Speaking to Reuters on March 20, Kennedy said he does not “even know what that means right now” when asked his thoughts on a temporary ceasefire in the Middle East. He said that, in previous conflicts, Hamas has used lapse in fighting to “rebuild” in order to “launch another surprise attack.”

The presidential candidate further argued that it was not Israel’s fault or decision that led to the ongoing war but Hamas that had built up a reputation of terror and rejected the proposal for a two-state solution to the conflict.

Kennedy said that, if there were “any other nation” neighboring Gaza, there would have been a swift effort to “level it with aerial bombardment.” But Israel, he pointed out, is “a moral nation” and decided against this course of action. Alternatively, the Jewish state “built an Iron Dome” for protection and to ensure it “would not have to go into Gaza.”

Additionally, Kennedy said that the devastating attack last year inevitably led to Israel’s unceasing strikes in the Gaza Strip. He has shared similar sentiments since the massacre took place more than five months ago.

The independent candidate’s comments come as the United States seeks to help negotiate a ceasefire between the fighting nations, with little success. Secretary of State Antony Blinken has traveled to the Middle East six times since the war began, trying to develop both a long-term plan for peace between Israel and Gaza as well as negotiate terms for an immediate ceasefire.

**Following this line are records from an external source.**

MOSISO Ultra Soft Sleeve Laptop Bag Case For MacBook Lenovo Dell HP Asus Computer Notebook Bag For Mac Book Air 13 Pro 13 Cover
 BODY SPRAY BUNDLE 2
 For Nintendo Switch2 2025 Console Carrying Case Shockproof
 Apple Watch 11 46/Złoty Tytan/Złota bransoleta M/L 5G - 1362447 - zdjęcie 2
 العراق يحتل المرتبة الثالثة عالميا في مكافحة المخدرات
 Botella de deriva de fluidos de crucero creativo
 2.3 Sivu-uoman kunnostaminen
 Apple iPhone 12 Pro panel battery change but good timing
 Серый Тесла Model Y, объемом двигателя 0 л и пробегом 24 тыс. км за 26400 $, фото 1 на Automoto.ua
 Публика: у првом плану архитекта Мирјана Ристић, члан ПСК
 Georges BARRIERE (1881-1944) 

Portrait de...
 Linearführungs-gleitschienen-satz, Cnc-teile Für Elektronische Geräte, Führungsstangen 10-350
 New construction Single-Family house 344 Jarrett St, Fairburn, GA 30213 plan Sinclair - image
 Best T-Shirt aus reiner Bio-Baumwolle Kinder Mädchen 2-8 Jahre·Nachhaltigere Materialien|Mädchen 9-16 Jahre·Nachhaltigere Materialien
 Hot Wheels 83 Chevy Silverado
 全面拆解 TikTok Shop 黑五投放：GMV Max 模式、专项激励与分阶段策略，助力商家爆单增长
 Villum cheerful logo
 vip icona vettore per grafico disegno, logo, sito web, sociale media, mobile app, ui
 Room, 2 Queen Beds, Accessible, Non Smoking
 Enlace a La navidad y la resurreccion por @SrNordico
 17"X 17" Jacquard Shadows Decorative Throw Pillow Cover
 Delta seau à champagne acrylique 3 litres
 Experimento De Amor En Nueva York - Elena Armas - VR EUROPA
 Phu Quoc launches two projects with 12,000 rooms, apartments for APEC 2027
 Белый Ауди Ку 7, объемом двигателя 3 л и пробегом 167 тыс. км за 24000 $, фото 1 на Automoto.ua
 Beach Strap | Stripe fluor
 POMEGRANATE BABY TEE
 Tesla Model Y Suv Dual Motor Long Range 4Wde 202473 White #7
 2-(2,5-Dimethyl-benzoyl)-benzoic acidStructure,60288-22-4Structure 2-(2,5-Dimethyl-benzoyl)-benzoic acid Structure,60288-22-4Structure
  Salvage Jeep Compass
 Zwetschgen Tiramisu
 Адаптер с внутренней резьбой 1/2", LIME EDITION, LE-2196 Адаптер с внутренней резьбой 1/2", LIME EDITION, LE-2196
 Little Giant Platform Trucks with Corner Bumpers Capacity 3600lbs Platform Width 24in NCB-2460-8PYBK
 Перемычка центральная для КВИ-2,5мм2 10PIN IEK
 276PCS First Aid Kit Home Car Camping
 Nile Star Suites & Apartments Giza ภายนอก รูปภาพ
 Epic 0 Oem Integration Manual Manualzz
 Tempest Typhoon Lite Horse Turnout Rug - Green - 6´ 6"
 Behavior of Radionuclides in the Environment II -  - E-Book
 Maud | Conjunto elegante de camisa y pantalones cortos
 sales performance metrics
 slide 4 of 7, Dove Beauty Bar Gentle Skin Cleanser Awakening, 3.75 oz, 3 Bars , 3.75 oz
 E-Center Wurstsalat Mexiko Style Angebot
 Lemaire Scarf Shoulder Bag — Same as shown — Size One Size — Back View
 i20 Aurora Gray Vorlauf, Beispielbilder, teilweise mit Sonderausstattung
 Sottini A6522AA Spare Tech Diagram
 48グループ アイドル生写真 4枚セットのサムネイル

While the United States is backed by key negotiating Middle Eastern countries like Saudi Arabia in its efforts to establish a two-state solution, Israeli Prime Minister Benjamin Netanyahu has firmly rejected the idea.

Since the initial attack in October, the Jewish state’s leader has shared his determination to completely destroy Hamas in order to put an end to its terrorism and refused to consider a ceasefire deal that would involve any relationship between the two enemies.